= Thomas J. McCormick =

American historian

Thomas J. McCormick (March 6, 1933 – July 25, 2020) was an American academic who was emeritus professor of history at the University of Wisconsin–Madison, the same place he got a Ph.
D. where he succeeded William Appleman Williams and continued the groundbreaking work of the so-called Wisconsin School of diplomatic history. Indeed he is considered one of the core members of the Wisconsin School, along with Williams, Walter LaFeber, and Lloyd Gardner. He has used Immanuel Wallerstein's world-systems approach to describe the dynamics of hegemony in US diplomatic history and also studied US corporatism.

McCormick taught at the Ohio University, University of Pittsburgh, and University of Wisconsin–Madison where he won the Wisconsin Student Association Award for Teaching Excellence (1992-1993). He was a Woodrow Wilson Center Fellow (1981), Distinguished Fulbright Lecturer at University College Dublin (1993-1994), and Vilas Associate (1996-1998). McCormick authored six books (see Works) and many influential articles. He often gave US guest lectures as well as several keynote addresses at worldwide conferences.
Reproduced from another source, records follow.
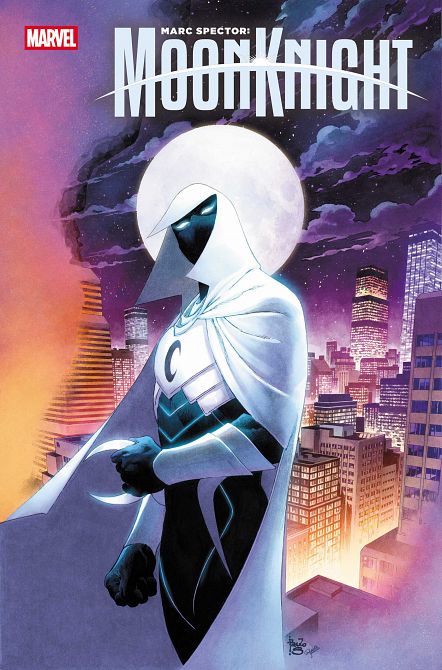 MARC SPECTOR MOON KNIGHT #04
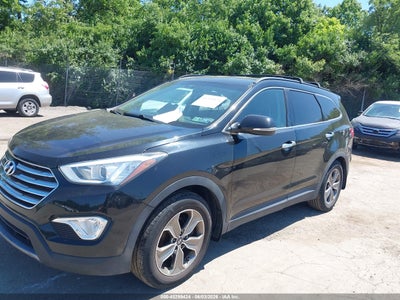 2014 HYUNDAI SANTA FE GLS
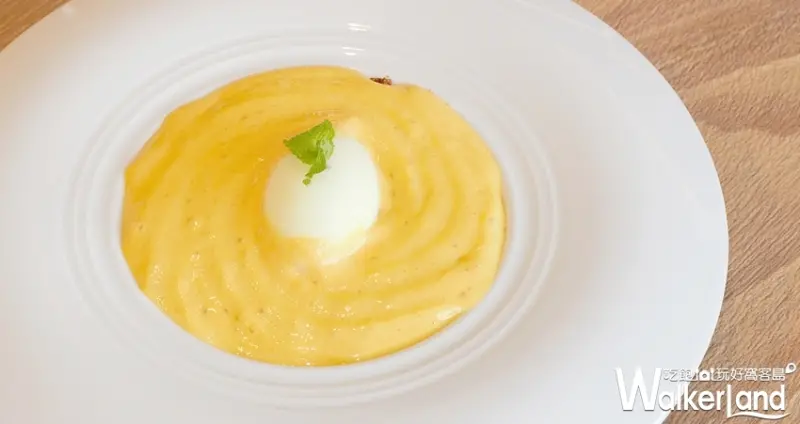 南港美食「L'origine by La Credenza 歐傑洛義式餐廳」 / WalkerLand窩客島提供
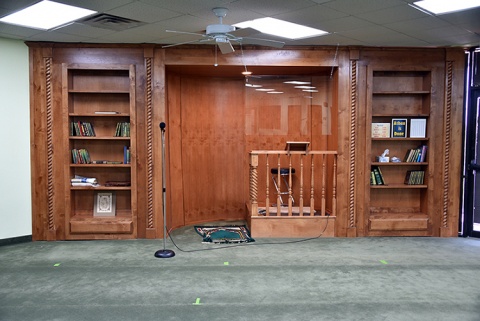 Islamic Association of Mesquite (IAM), Mesquite, TX, United States, 2021-2-19, 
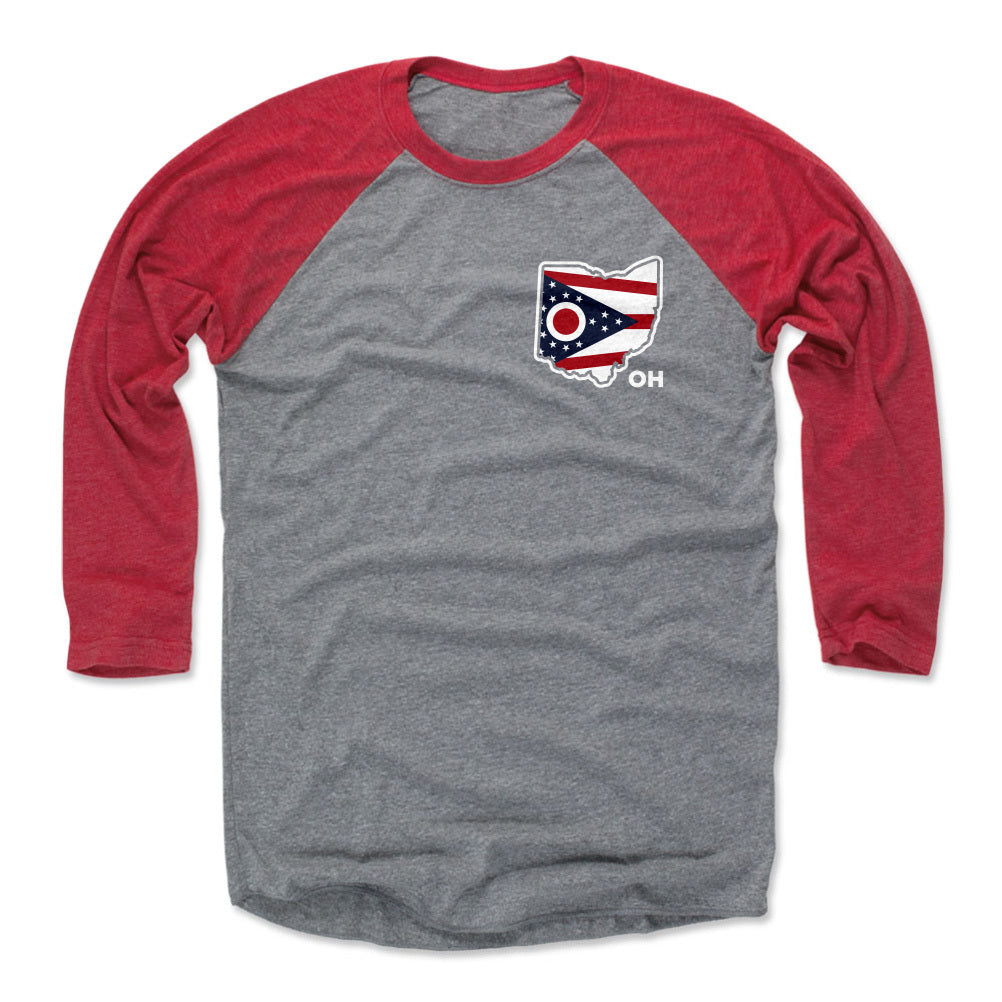 Ohio Men&#39;s Baseball T-Shirt | 500 LEVEL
On December 4, 2023, the University of Wisconsin–Madison Senate Faculty passed a memorial resolution honoring the career and life of Professor Thomas J. McCormick.

== Works ==

- China Market: America's Quest for Informal Empire, 1893-1901. Chicago, IL: Quadrangle Books, 1967.
- Creation of the American Empire: U.S. Diplomatic History. With Lloyd C. Gardner and Walter F. LaFeber. New York: Rand McNally & Co., 1973.
- America in Vietnam. With William A. Williams and Walter F. LaFeber. New York: Anchor Doubleday, 1988.
- America's Half-Century: United States Foreign Policy in the Cold War. Baltimore, MD: Johns Hopkins University Press, 1990, revised second edition 1995.
- The Vietnam War: Four American Perspectives. With William Westmorland, George McGovern, and Edward Luttwack. Lafayette, IN: Purdue University Press, 1990.
- Behind the Throne: Servants of Power to Imperial Presidents, 1898-1968. With Walter F. LaFeber (eds.) Madison, WI: University of Wisconsin Press, 1994.